In einem kleinen Kammerl empfangen mich zwei freundliche junge Frauen, die sichtlich frieren. Im Stehen erledigen Sie mein nicht so völlig unübliches Anliegen, ins Museum gehen zu dürfen, mit handschriftlichen Einträgen in eine Buch, das vor ihnen liegt. Den ICOM Ausweis kennen sie nicht. Sie beraten sich, ohne sachliches Ergebnis, zeigen sich aber großmütig. Ich darf kostenlos rein, nur für die Studiensammlung hätte ich zu zahlen.
Der Raum, in dem wir uns befinden, ist unbeschreiblich. Unaufgeräumt, abweisend, düster, kalt. Der Strom sei ausgefallen. Heuer werde mit einer Renovierung begonnen. Im obersten Stockwerk, leider, denn im untersten liegt die öffentlich zugängliche Schausammlung.
Ich denke mir, nein, warum soll ich mich in ein kaltes, ungemütliches Museum begeben, eins das einen empfängt, als wärs kurz vor dem Zugrundegehen? Ich drehe um, hab ich auch noch nie gemacht. Es gibt besser geheizte, freundlicher empfangende Museen.
Irgendwann wird die Museumsleitung ihre Mitarbeiterinnen ernst nehmen und über das Tarifsystem informieren und sich darum kümnmern, daß die einen vernünftigen Arbeitsplatz bekommen. Irgendwann wird die Museumsleitung entdecken, daß man kein Geld und nur ein paar Ideen braucht, um einen Empfangsraum erträglich zu gestalten (erst mal könnte man aufräumen).
Der sogenannte Narrenturm.

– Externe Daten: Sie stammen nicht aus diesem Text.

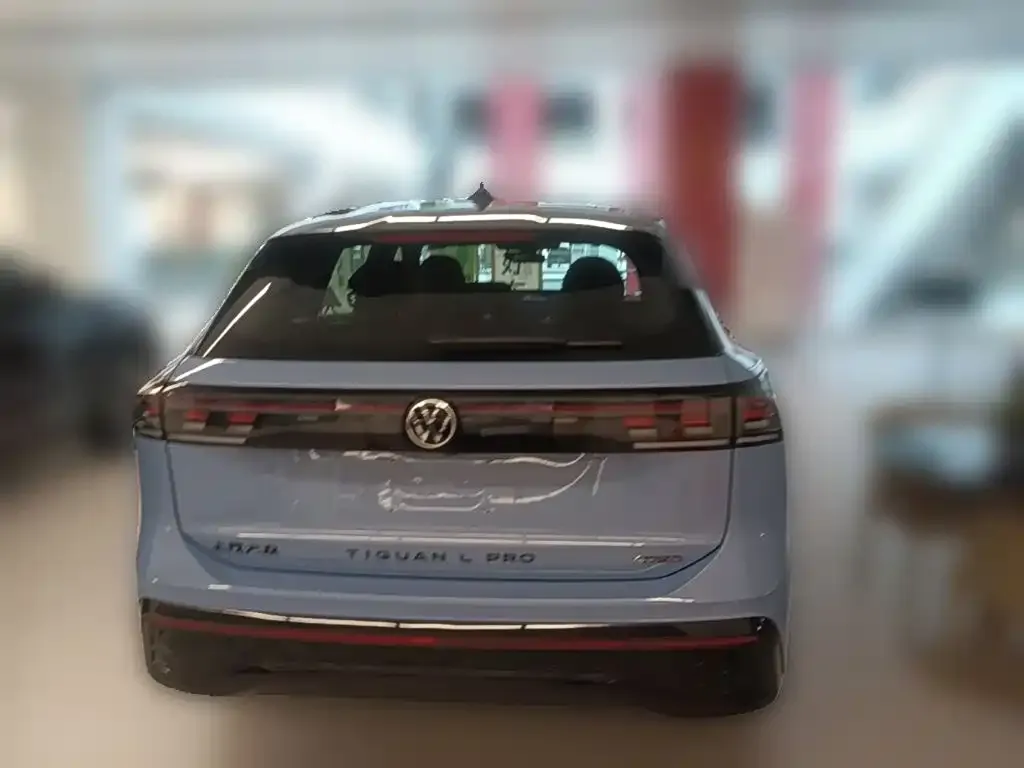Volkswagen Tiguan L — фото 4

So sieht er aus, seit etwa 30, 80, 120 Jahren?

*
Im Völkerkundemuseum halte ich mich sehr lange in der Ausstellung über die ehemalige Leiterin, Violetta Becker-Donner, auf. Ich kaufe einen Katalog und wende mich zum Gehen, als hinter mir zwei Besucher nach der Benin-Sammlung fragen. Nein, die Benin-Ausstellung sei schon längst geschlossen, mißversteht der Mitarbeiter die Frage. Ich gehe.
Ich habe es fast bei jedem Besuch erlebt, daß Besucher nach den Sammlungen oder auch nach bestimmten Sammlungsbeständen gefragt haben. Buchstäblich jahrelang gab es auf der Webseite des Museums keinen Hinweis darauf, daß es außer der "Götterbilder"-Ausstellung nichts von den Sammlungen des Hauses zu sehen gibt.
"Aufgrund einer Neukonzeption der Schausammlungen und noch nicht abgeschlossener Sanierungsarbeiten" heißt es nun auf der Webpage,  "ist im Augenblick abgesehen von den Sonderausstellungen nur die Sammlung Süd- und Südostasien und Himalayaländer: Götterbilder zugänglich." Im Augenblick? Welche Neukonzeption?
Im Besucherbuch, hier bemerkenswerterweise 'Beschwerdebuch' genannt, gab es viele und lange Einträge, wo Besucher auf diesen eklatanten Mangel aufmerksam machten. Das Buch ist weg, es war schon vor Monaten weg, und ich denke mir, man will keine Besucherreaktionen mehr. Kein Besucherbuch, keine Beschwerden. Und: Keine Sammlung, bis...??
Die Cafetteria des Museums für Völkerkunde (2011)




Stadtplan (Entrée 58)


Didaktisch sitzen, mit tiefviolett (Sitzen im Museum)

Jüdisches Museum der Stadt Wien (2011; GF)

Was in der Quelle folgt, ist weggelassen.